Thermoelastic interaction in a magneto-thermoelastic rod with memory-dependent derivative due to the presence of moving heat source

Fractional derivative is a widely accepted theory to describe the physical phenomena and the processes with memory effects which is defined in the form of convolution-type integrals involving kernels as power functions. Due to the shortcomings of power law distributions, some other forms of derivatives with few other kernel functions have been proposed. This present survey deals with a novel mathematical model of generalized thermoelasticity which investigates the transient phenomena due to the influence of an induced magnetic field and the presence of moving heat source in a thermoelastic rod in the context of Lord–Shulman (LS) theory of generalized thermoelasticity. Both ends of the rod are fixed and are thermally insulated.

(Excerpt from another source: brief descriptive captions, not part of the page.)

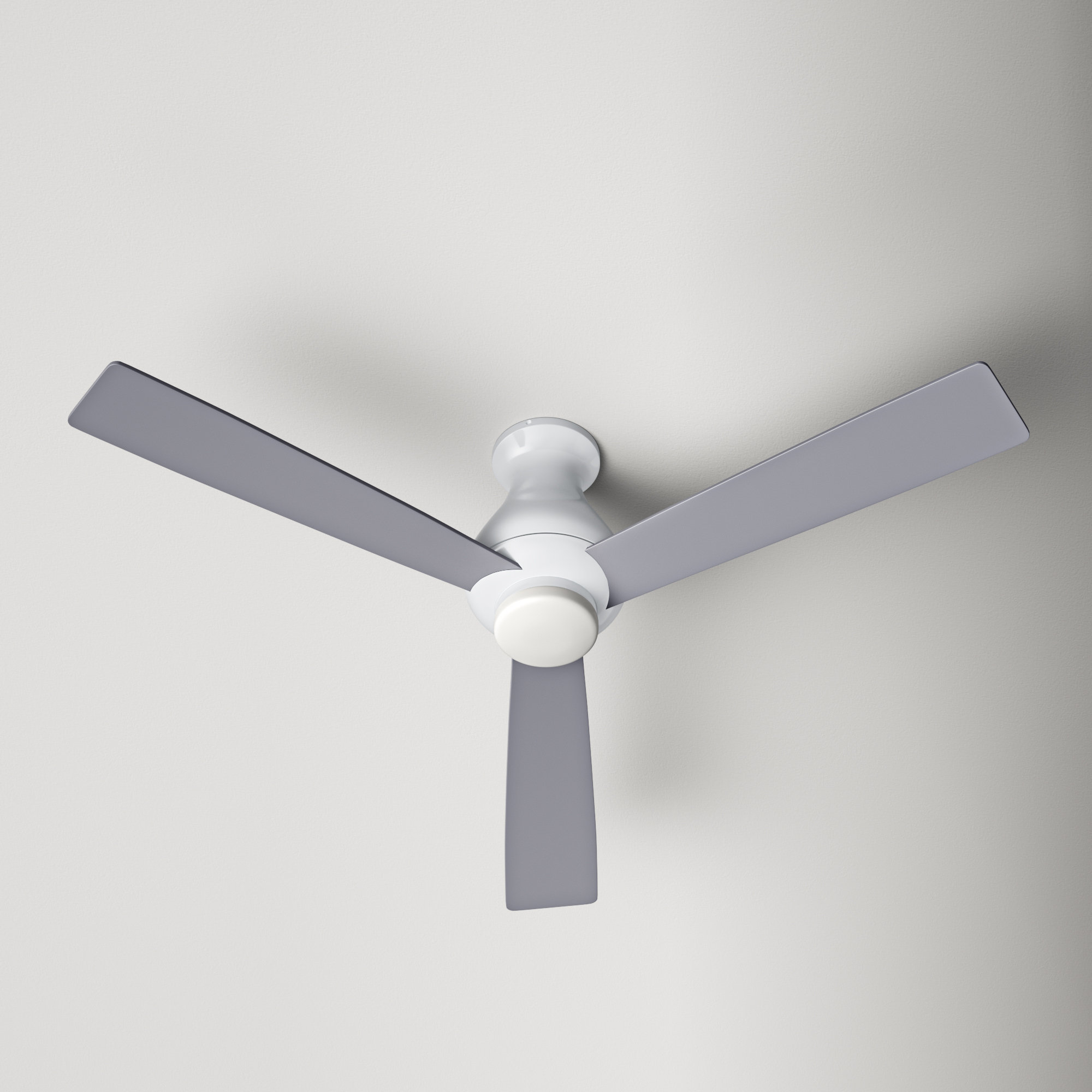 52'' 3 Blade Ceiling Fan with LED Light Kit, Aluminum, Fan Speed and Light Control (3-wire), Gloss White
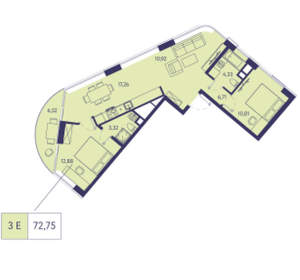 3-к квартира, вторичка, 73м2, 2/20 этаж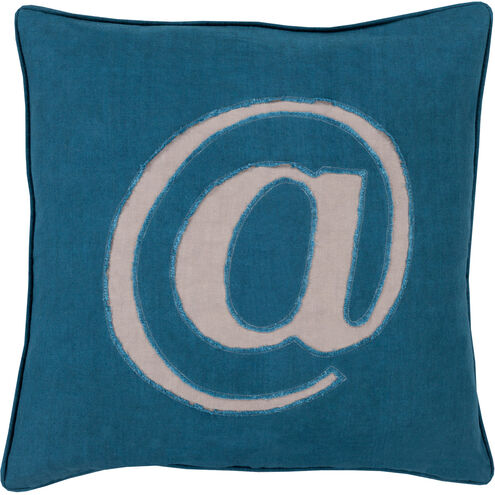 Linen Text 22 inch Navy, Light Gray Pillow Kit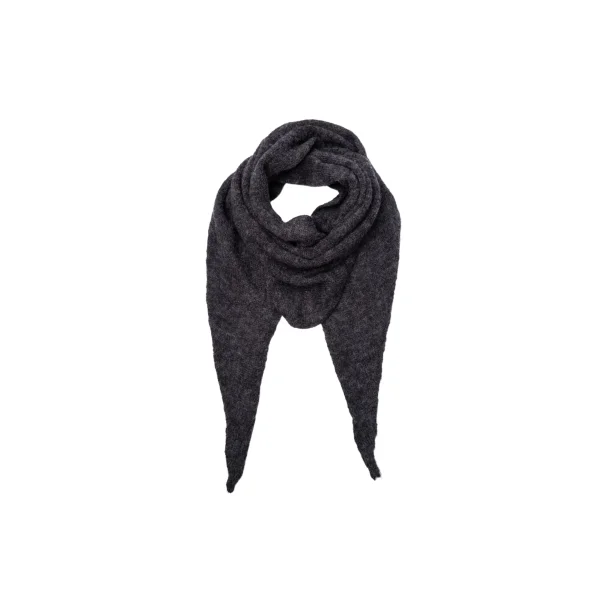 Black Colour - BCDELL knitted medium scarf, Dk. Grey Melange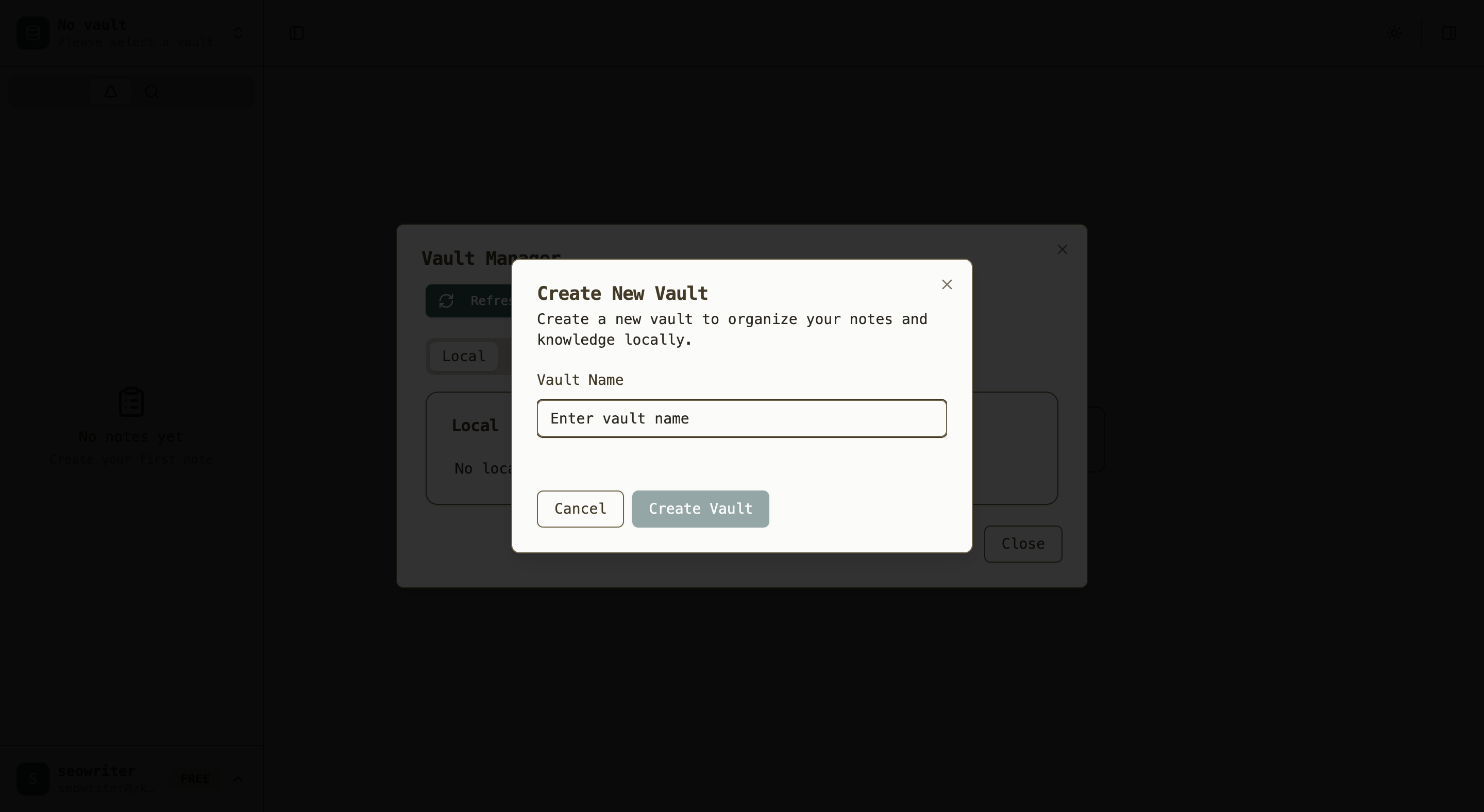 Create vault dialog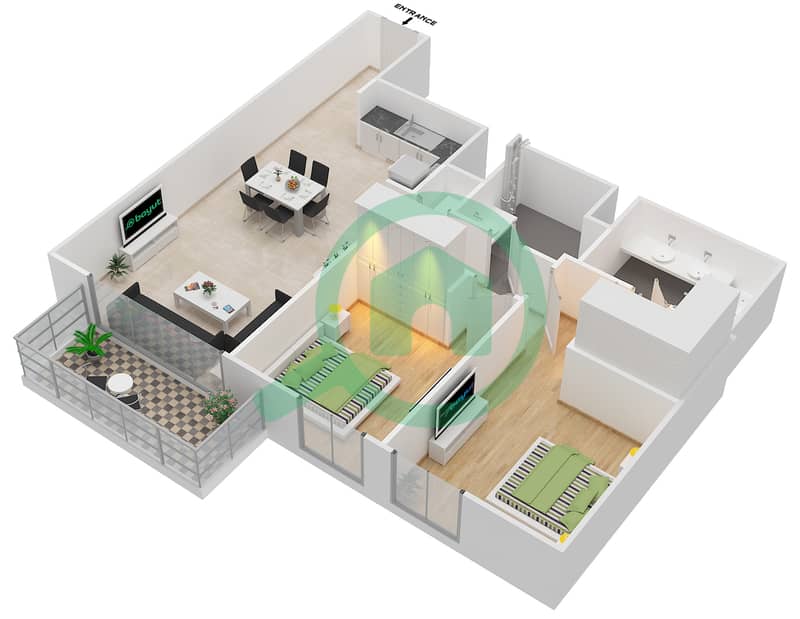 17 Икон Бэй - Апартамент 2 Cпальни планировка Единица измерения 9 FLOOR 16-22 Floor 16-22 image3D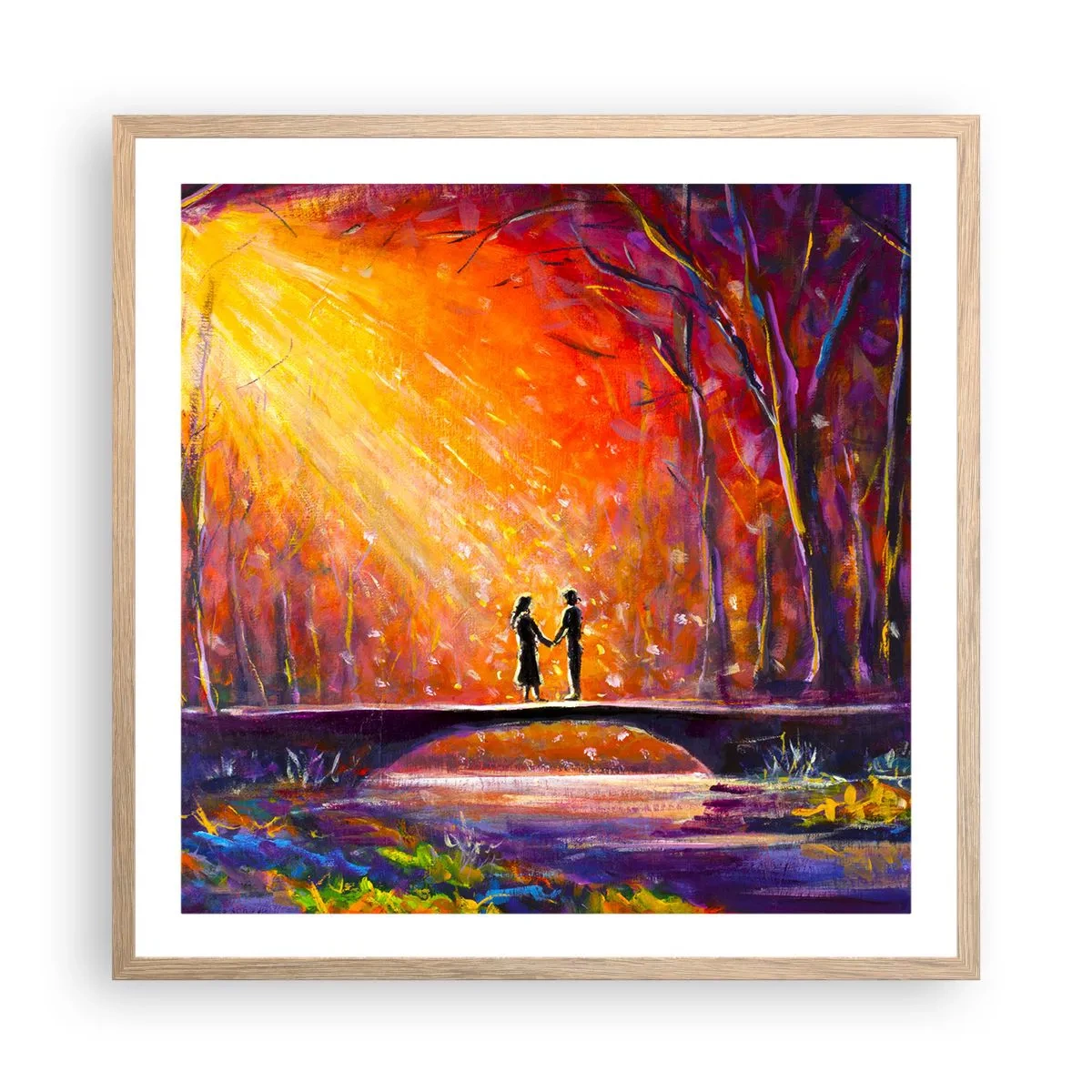 Affiche dans un chêne clair - Poster - Le ciel les aime aussi - 60x60 cm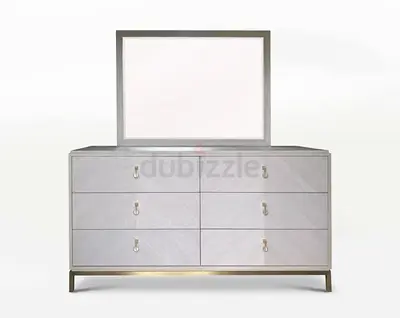 Modern 6-Drawer Dresser with Mirror - Beige Finish
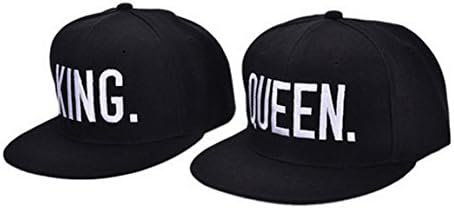 Chapéus de hip-hop de Wendywu King e Queen 3D amantes bordados Casais Caps Snapback Caps Ajustável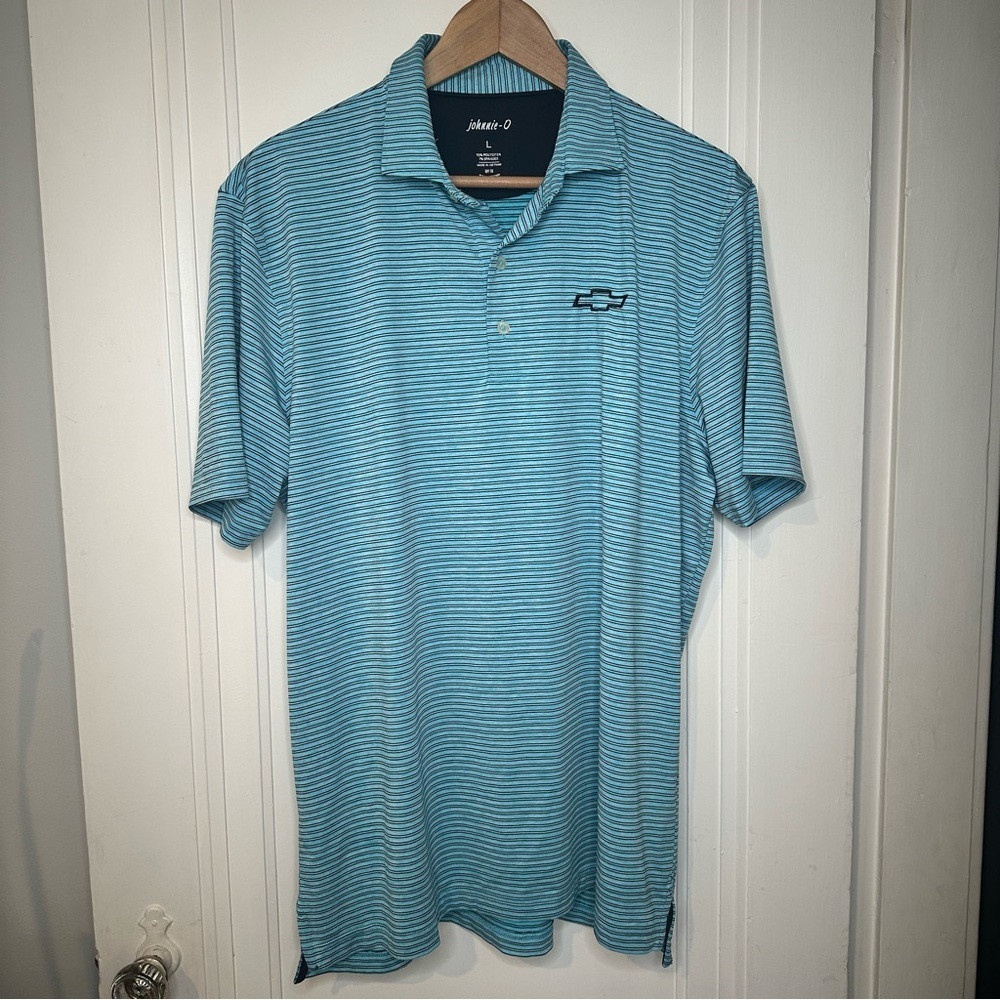 johnnie-O Men's Blue Striped Chevy Polo Shirt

Employing the Laplace transform, the problem has been transformed to the space-domain have been solved analytically. Finally, solutions in the real-time domain are obtained on applying the numerical inversion of Laplace transform, which has been carried out employing the Riemann-sum approximation method. Numerical computations for stress, displacement and temperature within the rod is carried out and have been demonstrated graphically. The results also demonstrate how the speed of the moving heat source influences the thermophysical quantities. It is observed that the temperature, thermally induced displacement and stress of the rod are found to decrease at large source speed. Also, significant differences on the thermophysical quantities are revealed due to the influence of magnetic field and memory effect also.